This past year has managed to shine a light on our relationships, especially those at work. The Covid pandemic has had the potential to both bring us together and drive us apart.
How well we have managed our work relationships is often viewed as how well we are heard and understood. The challenge is that the ability to listen well is usually not practiced in the best of times and it can totally fall by the wayside when we are under stress and our lives are compounded by uncertainty and major challenges. When we are stressed we actually become more rigid, not more flexible or creative. We tend to retreat into ourselves and become easily distracted. We might even get overly critical or analytical in an attempt to control conversations when everything else in life seems so uncontrollable.
Sadly, we end up feeling disconnected and even aggravated at the time we need each other the most. And for better or worse, virtual platforms such as Zoom, GoogleMeet, FaceTime, and WebEx (in addition to a ‘plain old’ phone conversation) now provides us with a captive audience and the singular chance to really listen to others.
Not Just Quiet
Listening in NOT just being quiet and letting someone else talk. The ability to listen well is critical to interpersonal success but it is often one of our weakest professional skills. We are groomed, trained, and taught how to speak and make presentations. Applause usually goes to the person who has the spotlight – the one who makes the most persuasive argument, gets the most air-time, or makes the splashiest point gets attention. We are rarely asked to focus our efforts on listening. Very little attention is given to the person who exhibits multi-faceted listening skills.
Ironically, poor listening skills are a common cause of miscommunication, misunderstanding, low productivity and employee disengagement. I’ve done hundreds of team problem-solving simulations where the person with the critical piece of information or the correct answer that would help resolve the problem the team was trying to solve was not listened to. Not listening results in a one-hour meeting taking two hours! When I’ve asked what the outcomes of a meeting are – sadly, few people could identify them. People weren’t listening; they were simply waiting for the speaker to stop talking.
What Is Needed
Most of us can identify what makes for a poor listener. It’s the person who is looking at their phone and not at us when we talk. It’s the person who interrupts. It’s the person who is dismissive, patronizing, or challenging. But simply not doing those things doesn’t make you a good listener. Listening is a very complex set of skills. And luckily, those willing, can learn them.
First and foremost, you have to want to listen. That means that you have genuine respect for the person talking.

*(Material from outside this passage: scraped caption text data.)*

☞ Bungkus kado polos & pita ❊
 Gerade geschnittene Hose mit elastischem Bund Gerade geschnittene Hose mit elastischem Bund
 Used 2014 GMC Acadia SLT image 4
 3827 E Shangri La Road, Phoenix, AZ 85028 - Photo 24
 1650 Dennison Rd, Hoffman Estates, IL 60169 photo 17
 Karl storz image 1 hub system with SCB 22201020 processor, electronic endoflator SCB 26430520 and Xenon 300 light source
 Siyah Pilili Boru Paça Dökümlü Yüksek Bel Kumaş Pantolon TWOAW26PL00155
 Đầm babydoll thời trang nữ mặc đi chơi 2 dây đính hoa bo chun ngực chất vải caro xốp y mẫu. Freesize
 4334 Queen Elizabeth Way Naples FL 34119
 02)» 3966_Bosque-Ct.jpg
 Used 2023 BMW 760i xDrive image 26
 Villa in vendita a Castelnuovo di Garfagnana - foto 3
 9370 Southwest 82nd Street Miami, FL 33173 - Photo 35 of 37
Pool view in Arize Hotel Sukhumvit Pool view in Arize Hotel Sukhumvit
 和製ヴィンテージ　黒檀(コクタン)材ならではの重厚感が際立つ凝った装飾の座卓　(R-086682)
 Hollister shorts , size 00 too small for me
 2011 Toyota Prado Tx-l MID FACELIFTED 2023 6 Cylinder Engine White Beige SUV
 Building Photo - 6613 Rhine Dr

You also have to pay close attention to what the other person is saying. People don’t always say exactly what they mean, so the listener may have to determine the speaker’s intention. It’s helpful not to always take things at their literal meaning. And, there may be non-verbal signals like eye-contact, head nodding, and facial expressions (all the more challenging to decipher with Zoom).
Asking questions can help further determine a speaker’s intent and allows listeners to get further clarification. This can prevent the risks that flow from miscommunication and unchallenged errors. Effective listeners use paraphrase and summary to link and connect what people are saying in meetings.
Make It a Priority
When we are stressed and juggling multiple priorities, it can be a challenge to remember to listen well. It’s tempting to jump in with your opinion, rush people to an answer, assume you know what someone is going to say, or misunderstand someone’s meaning. In a virtual platform, trust and rapport are harder to establish and maintain. We can all get better at listening with focus and practice.
While most of us have too much to do to conduct a post-conversation quiz, it’s often beneficial for there to be a review and summary of key take-aways, action items, deadlines, and learnings.
To Be a Better Listener:
– Get rid of potential distractions: phone, emails screen, window
– Don’t try to ‘multi-task.’
– Be fully present. Instead of letting your mind wander, give the conversation your full attention.
– Don’t interrupt. Let the speaker finish. Focus on what they are saying, not on what you’d like to say when they are finished speaking. .
– Listen with your eyes and pay attention to the non-verbal aspects of the conversation, such as gestures and facial expressions.
– Use small signals and signs such as nods, smiles and ‘mm’ or ‘yeah’ to show your attention.
– Ask questions to clarify what has been said. Check you have fully understood both the speaker’s meaning and their intention or purpose.
– Demonstrate you have understood the speaker’s feelings about the topic and acknowledge that through skillful paraphrasing, using your own words.
– Leave time to summarize, review and list key take-aways from a conversation before moving on.
When someone has their microphone on mute in a virtual meeting, it’s annoying because you are missing their message. That’s when you can’t listen. When you don’t listen, you don’t just miss out on the message – you send one of your own – of disrespect.
Perk up your ears! Listening is easy to do and improves how you are seen.